Senator PASTORE. How many people lost their jobs, do you know? Mr. McENTEE. 250, at Franklin Process.

Senator PASTORE. Thank you, sir.

The next witness is George E. Carignan.

STATEMENT OF GEORGE E. CARIGNAN, NEW BEDFORD JOINT BOARD, TWUA-AFL-CIO

Mr. CARIGNAN. Mr. Chairman and members of the committee, my name is George E. Carignan, 386 Union Street, New Bedford, Mass., and I am the director and financial secretary of the New Bedford Joint Board of the Textile Workers Union of America, AFL-CIO, in New Bedford, Mass.

I have been employed by the union in New Bedford since May 1, 1948. During the 10 years that I have been working in New Bedford the textile mill situation has gone from bad to worse. Thousands of textile jobs have disappeared resulting in many business failures and much suffering among unemployed workers.

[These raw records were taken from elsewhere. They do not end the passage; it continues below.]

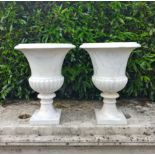 A similar pair of carved white marble urns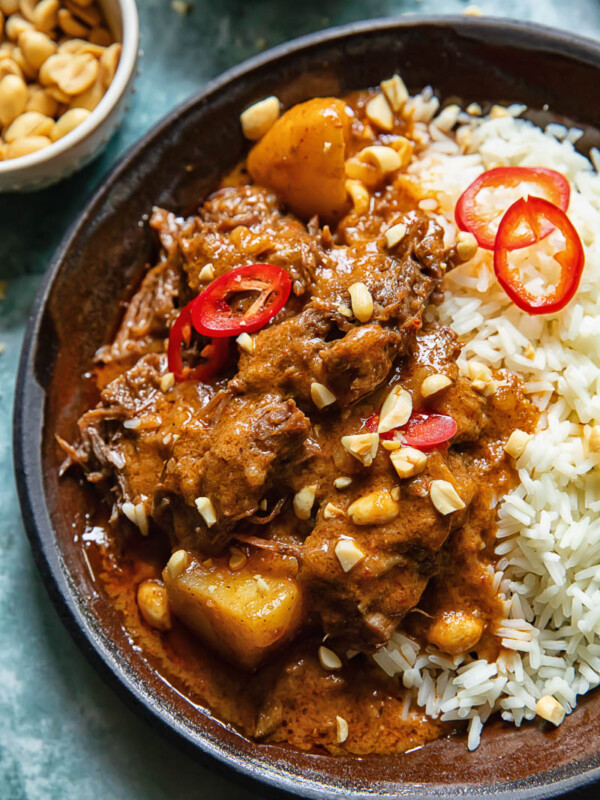 Close up shot of short rib massaman curry in a plate on a bed of rice topped with peanuts and chilli slices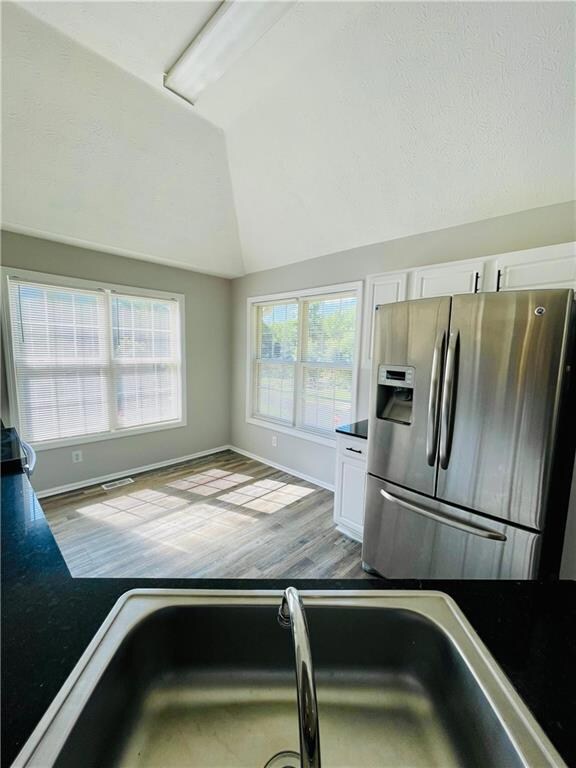 Kitchen with stainless steel refrigerator with ice dispenser, white cabinets, dark countertops, vaulted ceiling, and wood finished floors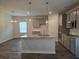 Open-concept kitchen and dining area feature gray cabinetry, granite countertops, and stainless appliances at 1594 Sungrown Way, Mcdonough, GA 30253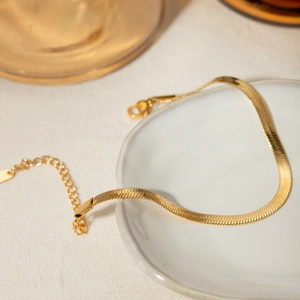 Detail of 18K gold stainless steel snake chain anklet on a white ceramic plate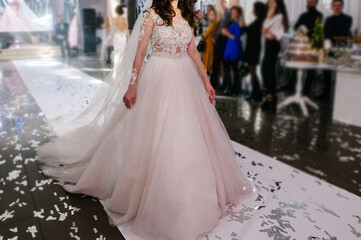 Fototapeta premium Bride at ceremony in wedding day. Woman in an expensive, luxury dress, details of models walking on the collection catwalk during the Bridal Week runway.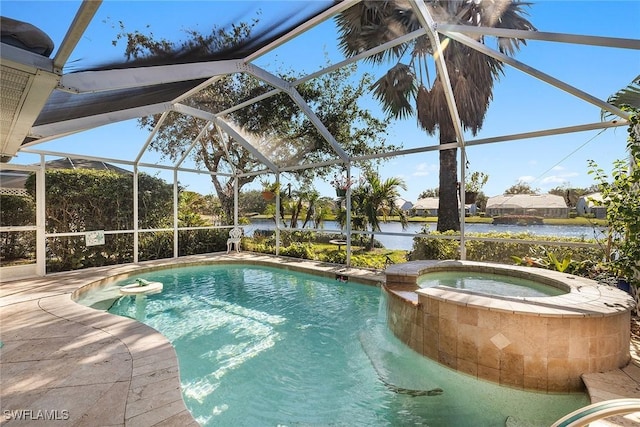 view of pool featuring glass enclosure, an in ground hot tub, and a water view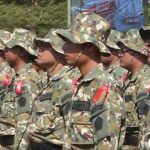 Line of soldiers in camouflage uniforms standing at attention with red ribbons on their chests under wide brim hats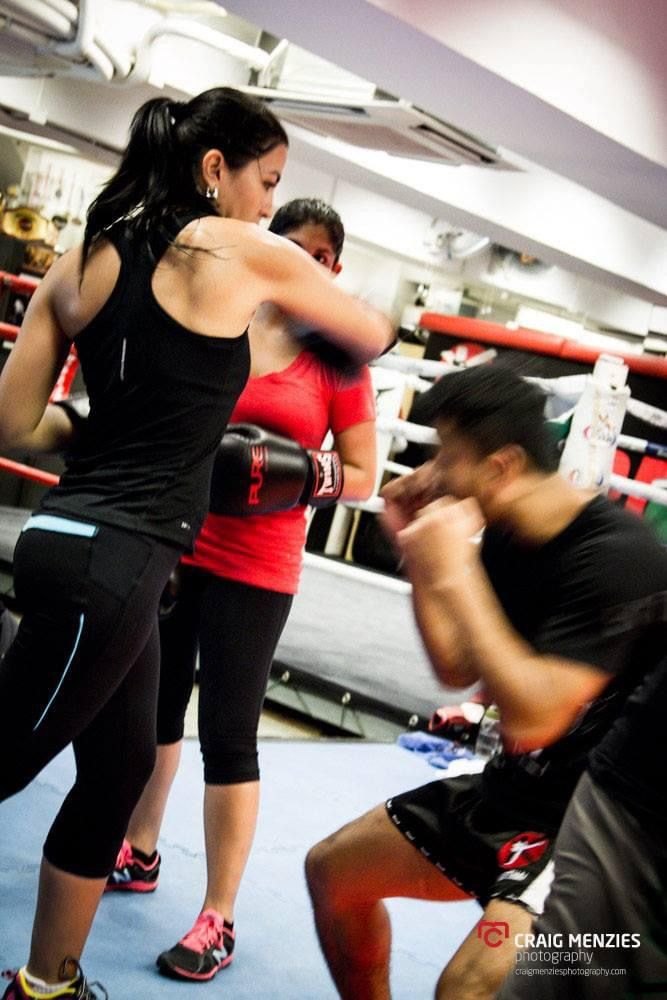 Female boxers training in a boxing ring with a male coach during gym workout session.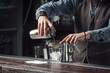 © Dmytro Panchenko - Barman making cocktails closeup.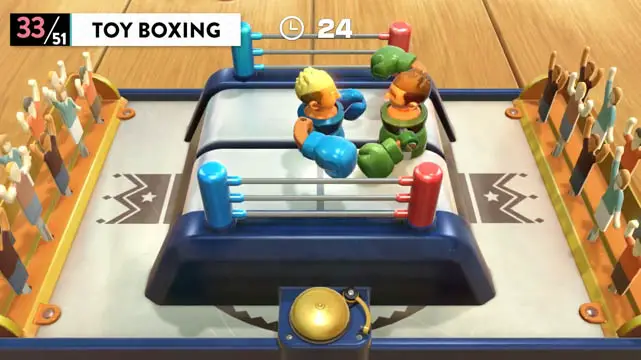 Two toy players in a miniature boxing ring boxing each other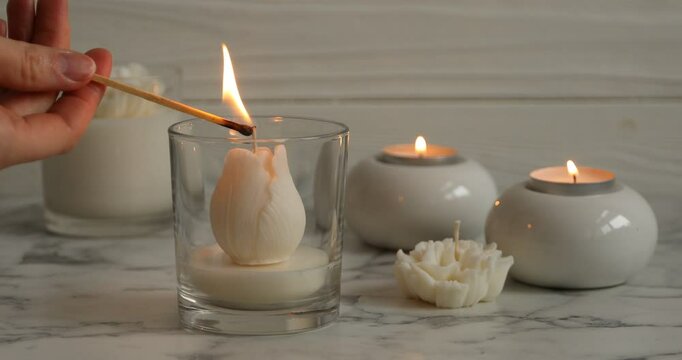 Woman lighting up beautiful flower shaped candle at white marble table, closeup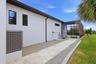 Walkway between the Garage and Lanai with enough space for a small gardening or storage shed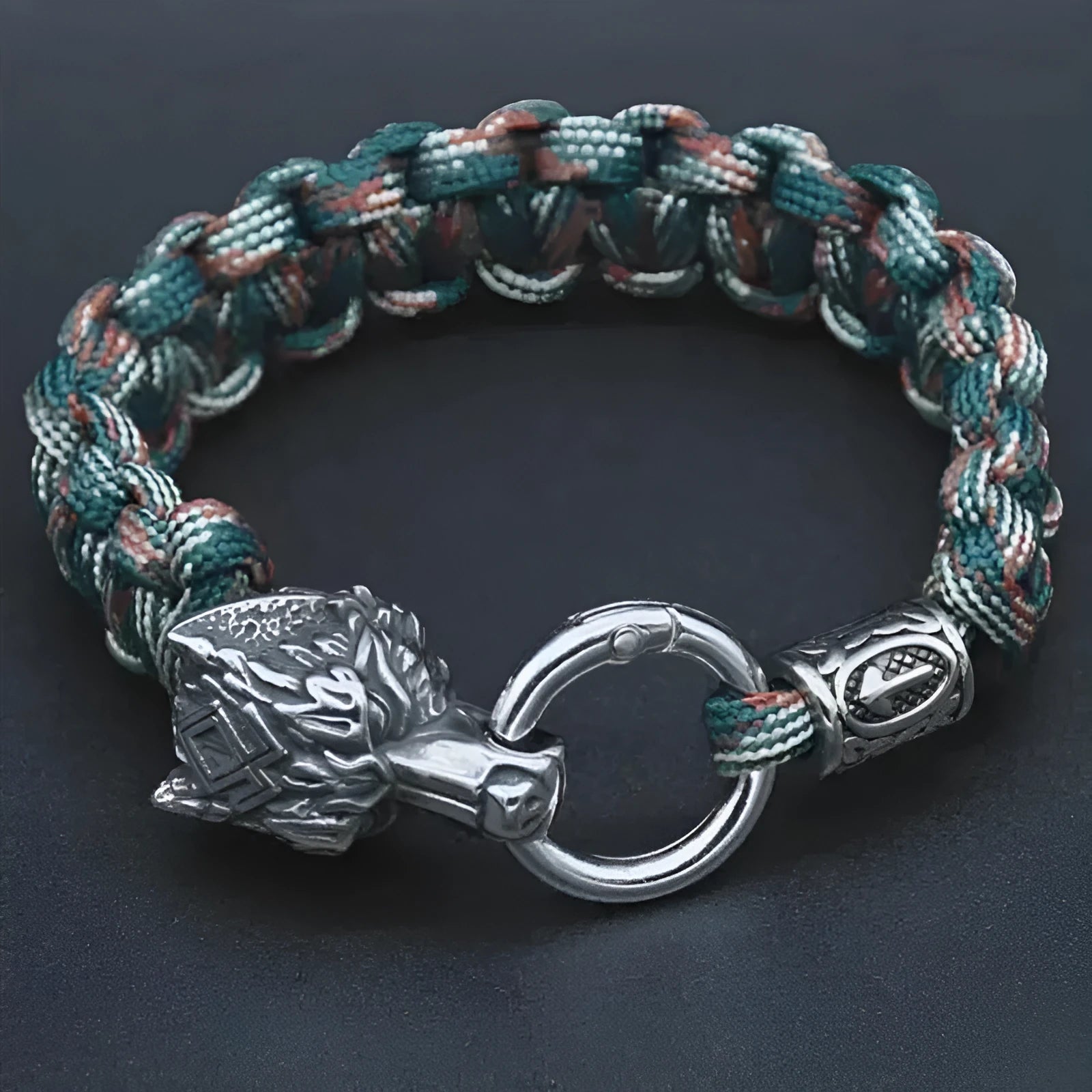 Handmade titanium steel wolf head bracelet with Luen character, polished finish, camouflage colour on white background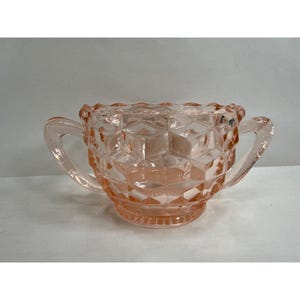 May include: A pink glass sugar bowl with two handles. The bowl features a geometric, diamond-like pattern and a scalloped rim. The sugar bowl is a light pink colour and sits on a small, round base.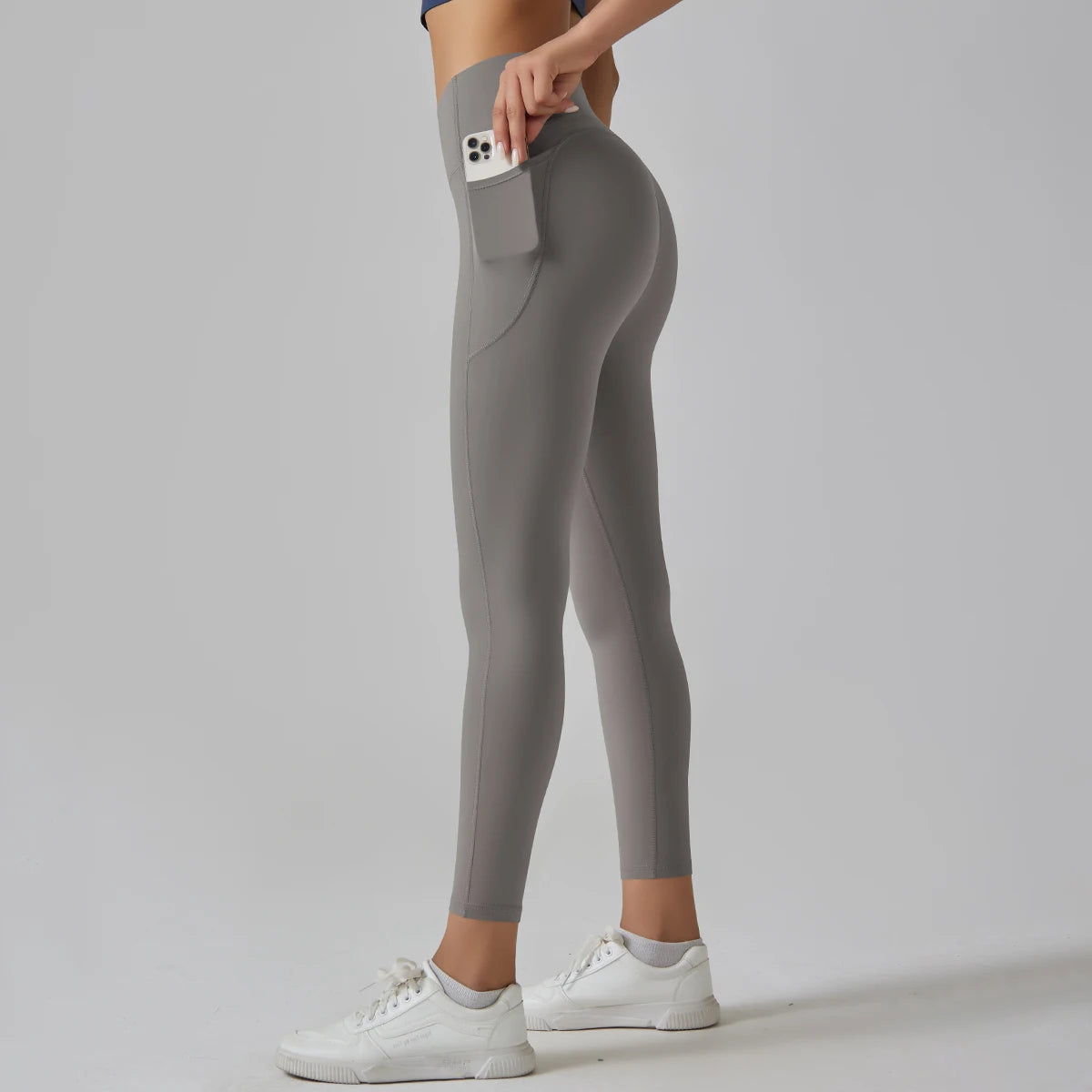 Graue High-Waist-Leggings mit Tasche am Oberschenkel, seitliche Ansicht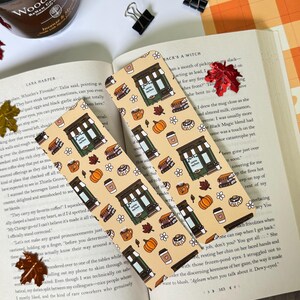 Könnte beinhalten: Zwei beige Lesezeichen mit einem sich wiederholenden Muster aus einem Café, Kaffeetassen, Kürbissen und Büchern. Die Lesezeichen liegen auf einem offenen Buch. Herbstliche Accessoires sind darum herum angeordnet.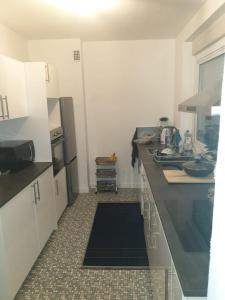 a kitchen with a sink and a counter top at LOVE Appartement partagé avec le proprietaire in Saint-Louis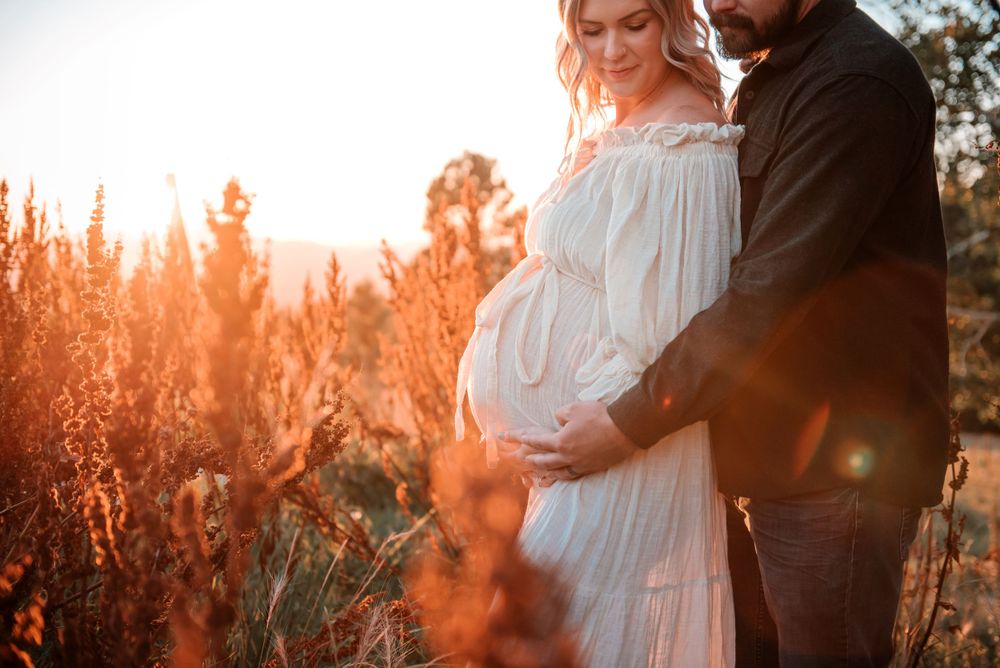 Romantic couple embraces in a field of red wildflowers during golden hour sunset.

In May of 1948 in our organization we had 14,251 members. In May of 1958 our membership stood at 4,014. This indicates a loss of 10,237 textile jobs in our organization over a period of 10 years. An additional 1,000 textile jobs have been liquidated in New Bedford plants where we did not have the collective bargaining rights.

A total of 11,237 textile jobs liquidated in the city of New Bedford from 1948 to 1958. Within the past few weeks the Wamsutta Mills has announced plans to close its New Bedford plant. This will mean an additional 1,200 jobs lost making the total 13,237 textile jobs lost in New Bedford during a 10-year period.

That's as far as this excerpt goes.